Exercise details:
As you reproduce every line below, keep it exactly as written and leave out the images.

Data extract:
****

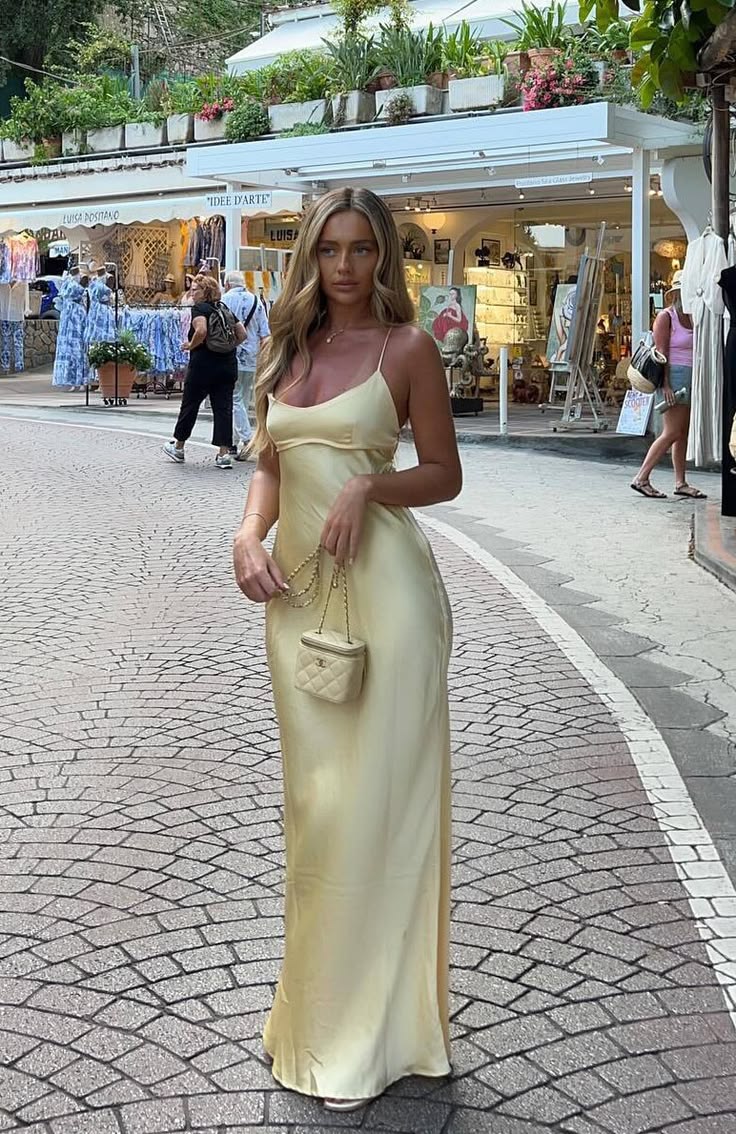 Women's dress model look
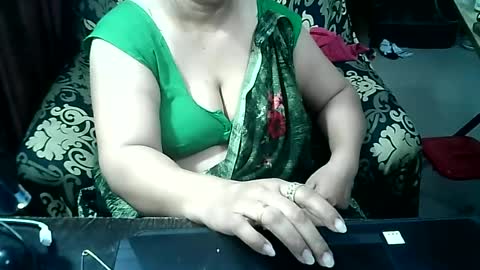 Snapshot of crezybhabihot chatting on 07.08.26 Sonika69 online show from 07.08.26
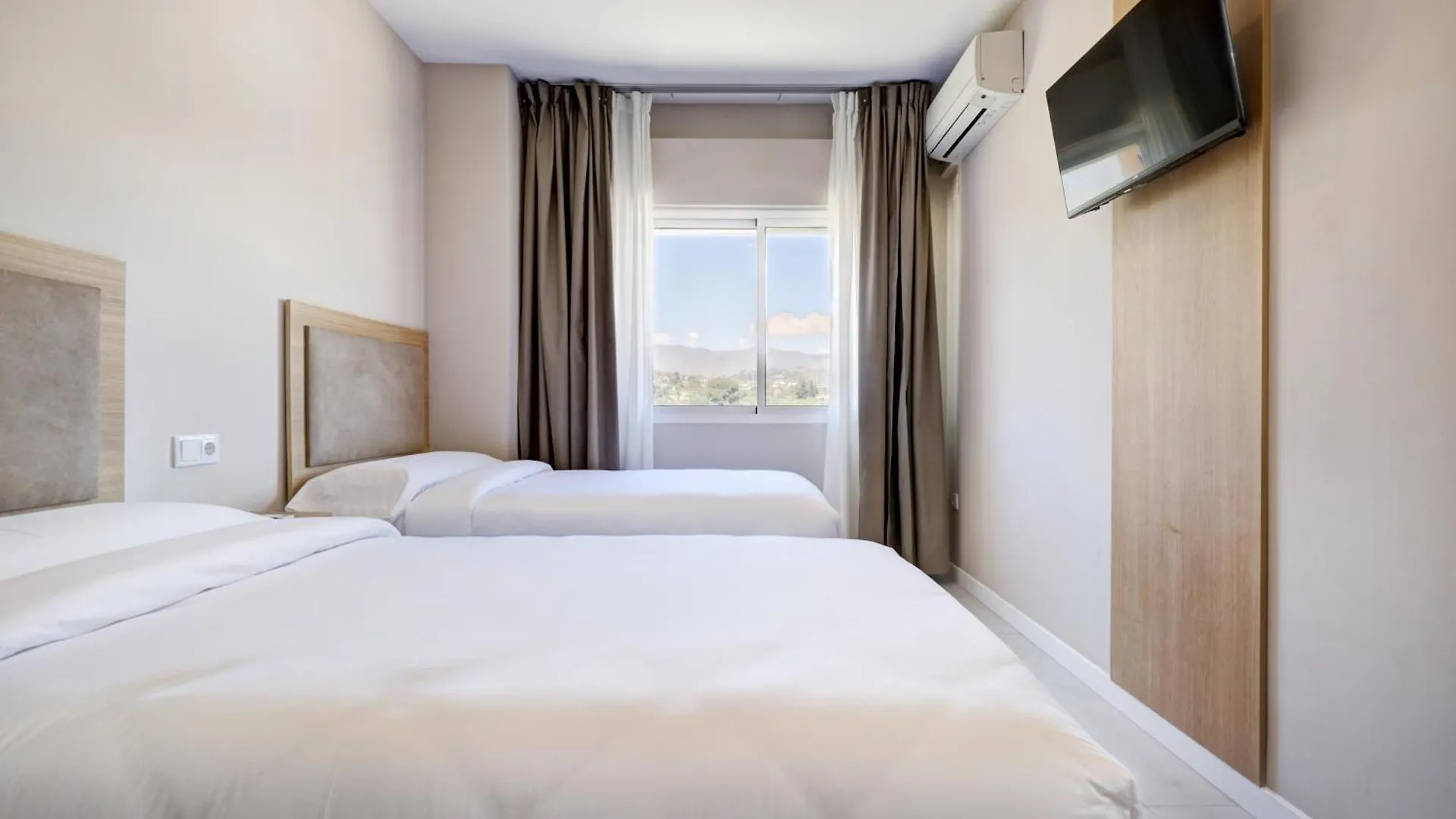 Hostal Puerta Almar Estepona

****

Result of this exercise:
 Women's dress model look
 Snapshot of crezybhabihot chatting on 07.08.26 Sonika69 online show from 07.08.26
 Hostal Puerta Almar Estepona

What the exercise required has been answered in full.